Cost prices are, of course, no-profit prices. They afford, in the case of each article, enough to pay wages for the labor and interest on the capital that are used in making it; but they give no net surplus to the
entrepreneur, as such. Since dynamic changes cause the prices of this, that or the other commodity to yield such a surplus, they make prices, for the time being, unnatural, in the sense of being unlike purely competitive or cost prices. Dynamic changes themselves are, however, in another and a broader sense natural. Nature herself is continually disturbing the régime of natural prices, but competition is trying to restore it. At this moment many commodities are not selling at cost; yet in the case of all of them there are forces at work, which, if they were not counteracted, would bring the prices to the cost level. Ideally there is at this moment a natural price for everything; and if we could remove disturbances and friction, actual prices would reach and remain at this ideal standard. When we study economic dynamics, we shall ask how much an actual price may vary from such a theoretical price, without the introduction of a really abnormal force. In dynamics variations from standards have to be studied; and, in a broader use of terms, there is such a thing as a natural variation. Now, however, we are studying solely the standards from which variations are to be calculated, and we are following the classical economists in calling such standards natural. Natural, normal or static prices are cost, or no-profit prices. They are equalized-gain prices, for they cause the returns of different industries to be the same per unit of labor and per unit of capital. They enable the steel makers, for example, to pay as much for labor of a given grade as do the wagon makers; and they enable the two classes of employers to pay uniform rates of interest on capital. Natural or cost prices sweep away any special gain that an industrial group may enjoy.

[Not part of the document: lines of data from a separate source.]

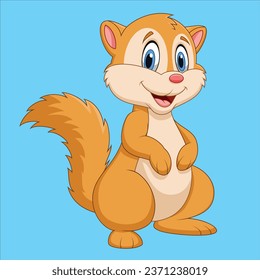 Cartoon happy squirrel vector design illustration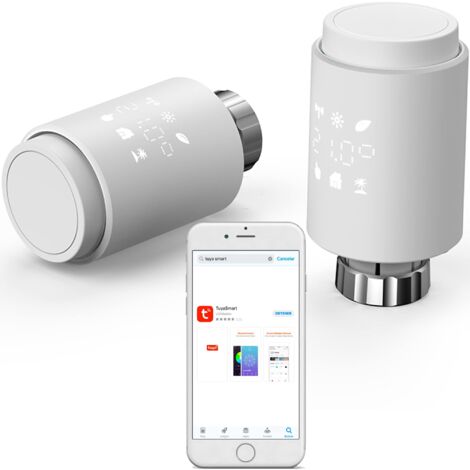 Beijiyi – Tête thermostatique connectée programmable – Compatible Alexa et Google Assistant – Vanne thermostatique pour radiateurs à eau chaude – Économie d'énergie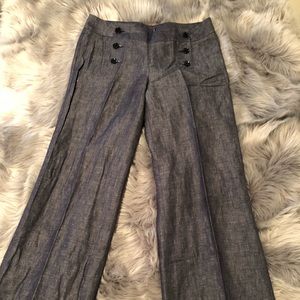 Wide leg linen sailor pants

Such prices would prevail in practice, if labor and capital were absolutely mobile. If men in one industry could instantly leave it and betake themselves to another, this latter industry could not be favored in the amount of its returns. If we could at this moment remove everything that hinders a steel maker from becoming a wagon maker, we should preclude all chance that one class, as a whole, should be better paid than the other. Static prices would be realized at any one time, if we merely annihilated economic friction. They would be realized in another way, if dynamic changes were stopped and if friction were allowed to continue. Thus, let there be henceforth no improvement in methods of production, and let population, wealth, etc., remain forever unchanged. There is, then, nothing that will make the standard level of prices next year at all different from that which now prevails. Actual prices are not now at the standard levels; but they are tending toward them, under the influence of competition. Labor and capital are tending to move to the points where rewards are greatest, but this movement is obstructed by friction. With dynamic changes ended, this friction is slowly overcome. The transfers of labor and capital take place in spite of it. To stop the dynamic changes and wait for the transfers to take place is to bring industrial society slowly into the condition that static forces alone tend to impose on it. Henceforth the state will be an unchanging one. Once society has reached this shape, it will hold it forever. Each unit of labor and each unit of capital will remain forever in the group where it is, and prices will be unvarying.

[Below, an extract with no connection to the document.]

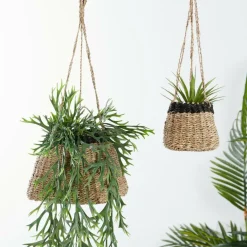 Porte-Plantes À Suspendre^CASA BAKU Pot à Suspendre Noir, Naturel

Here, then, are two ways of conceiving a régime of static—or, in the Ricardian sense, natural—values. With dynamic changes in progress and friction absent, the standards of price change every day, but actual selling ratios conform every day to them: there is an endless succession of different actual prices, but there is never any difference between the prices that the market gives and those which theory calls for. With dynamic changes absent and friction continuing, the static or cost standard of price becomes an unchanging one; but actual values, which at the outset vary from the standard ones, require time to conform to them. In the end, they conform to them and remain thenceforth without change.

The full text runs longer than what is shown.